Reputation: 671
For several hundred columns, I would like to check if values in a given column of df match values in list of df2.
Example data:
df <- data.frame(a=c("1","2","3","4"), b=c("1", NA,NA, "99"))

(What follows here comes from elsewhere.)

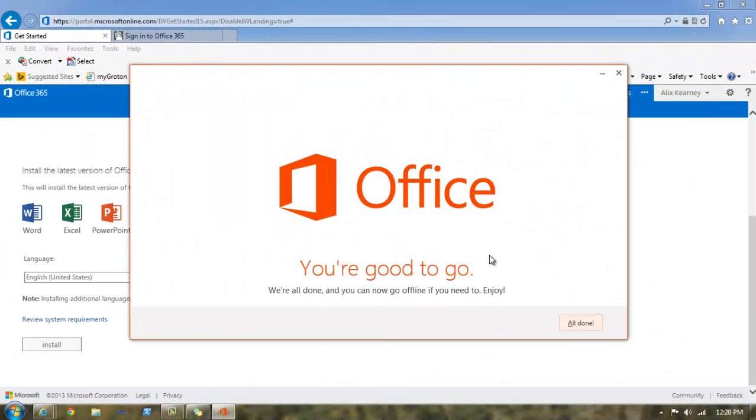And now we're all set. Office is now installed. In our next video, we'll learn how to set up SkyDrive. Thanks for watching.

df$a <- as.character(df$a)
df$b <- as.character(df$b)
df2 <- data.frame(c=I(list(c("1","2","3"))), d=I(list(c("1","0"))))
> df
a b
1 1 1
2 2 <NA>
3 3 <NA>
4 4 99
> df2
c d
1 1, 2, 3 1, 0
I have tried the following function:
check <- function(dat1=df, dat2=df2) {
for(c in ncol(df)) {
for(r in nrow(df)) {
df[r,c] <- ifelse(df[r,c] %in% as.character(unlist(df2[1,c])),"match", "nomatch")
}
}
return(df)
}
check(df, df2)
Output:
> check(df, df2)
a b
1 1 1
2 2 <NA>
3 3 <NA>
4 4 nomatch
Desired output:
> check(df, df2)
a b
1 match match
2 match <NA>
3 match <NA>
4 nomatch nomatch
Upvotes: 0
Views: 298
Reputation: 388972
You can use Map
/mapply
:
mat <- mapply(function(x, y) ifelse(is.na(x), NA, x %in% unlist(y)), df, df2)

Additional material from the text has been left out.